Smith's argument for such jokes is that he wants to "preach tolerance by hiding it in humor." What's sad is that Smith has to keep justifying his right to parody prejudice and skewer male adolescents of all ages. Smith needs no defense, and neither does his movie, a blast of comic irreverence that serves as a starring vehicle for two stoner characters who had previously been relegated to the sidelines. Smith, 31, intends to retire Jay and Silent Bob and grow up. God and Alanis Morissette forbid.

The plot, such as it is, involves the boys' journey from Jersey to the evil empire of Hollywood to stop Miramax from making a film about their lives starring James Van Der Beek as Jay and Jason Biggs as Silent Bob. "I know you," says Jay on seeing Biggs. "You're the guy that fucked the pie."
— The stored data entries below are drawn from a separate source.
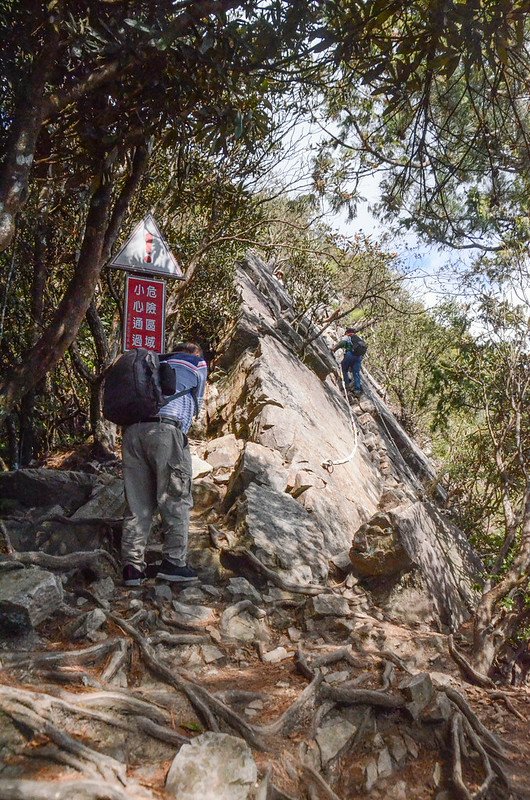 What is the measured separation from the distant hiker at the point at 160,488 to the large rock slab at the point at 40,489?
3.73ft

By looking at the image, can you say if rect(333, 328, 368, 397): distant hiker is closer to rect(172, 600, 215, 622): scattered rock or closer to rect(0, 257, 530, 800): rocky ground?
rect(0, 257, 530, 800): rocky ground

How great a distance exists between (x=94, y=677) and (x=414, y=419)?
1736 centimetres

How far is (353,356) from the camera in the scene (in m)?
15.1

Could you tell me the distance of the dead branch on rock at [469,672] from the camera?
4.30 m

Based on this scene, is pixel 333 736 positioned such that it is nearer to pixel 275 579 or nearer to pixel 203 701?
pixel 203 701

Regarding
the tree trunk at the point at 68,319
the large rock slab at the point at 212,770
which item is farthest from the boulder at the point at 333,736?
the tree trunk at the point at 68,319

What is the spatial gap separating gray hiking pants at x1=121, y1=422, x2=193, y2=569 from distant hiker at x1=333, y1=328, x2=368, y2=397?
10370 millimetres

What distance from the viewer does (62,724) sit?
2725 mm

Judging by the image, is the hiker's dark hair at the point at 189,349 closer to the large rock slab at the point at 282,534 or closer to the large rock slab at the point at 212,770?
the large rock slab at the point at 282,534

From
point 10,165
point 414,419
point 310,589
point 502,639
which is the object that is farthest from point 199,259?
point 414,419

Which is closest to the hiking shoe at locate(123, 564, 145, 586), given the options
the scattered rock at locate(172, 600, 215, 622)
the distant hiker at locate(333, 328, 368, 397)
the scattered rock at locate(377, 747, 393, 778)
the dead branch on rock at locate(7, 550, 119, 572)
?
the dead branch on rock at locate(7, 550, 119, 572)

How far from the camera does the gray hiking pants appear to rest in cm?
472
Budgeted at $20 million, Jay and Silent Bob Strike Back contains many remarkable things for a Smith movie. Nothing resembling a linear story, of course, and there are the usual fart, weed and dick jokes, not to mention the references to Star Wars and the musical stylings of Morris Day and the Time, but in this film the camera actually moves. For sex appeal, Pie girl Shannon Elizabeth suits up in leather to play Justice, the leader of Charlie's Angels-like diamond thieves named Sissy (Eliza Dushku), Chrissy (Ali Larter) and Missy (Jennifer Schwalbach). Jay is smitten with Justice. As he tells Silent Bob, whom he refers to by such terms of endearment as Lunch Box, Fat Fuck and Tubby Bitch, "She's the first woman I ever loved enough not to stick my hand down her pants." So much for sentiment. Actors from other Smith films show up, including Carlin, Ben Affleck, Matt Damon, Jason Lee, Joey Lauren Adams and Chris Rock. Then there's the monkey, a smelly surprise to savor. Is there a point to all this? Not really. It's just an excuse for Smith to fire comic darts at everything from Hollywood — the scene in which Affleck and Damon rag on each ther's queer choices in roles while shooting a sequel to Good Will Hunting is a howl — to the Internet, which has allowed everyone in America to bitch about movies. In the film, one guy who calls himself "Magnolia Fan" disses our boys for spouting "baby-talk catchphrases like a third-rate Cheech and Chong or Bill and Ted. Fuck Jay and Silent Bob."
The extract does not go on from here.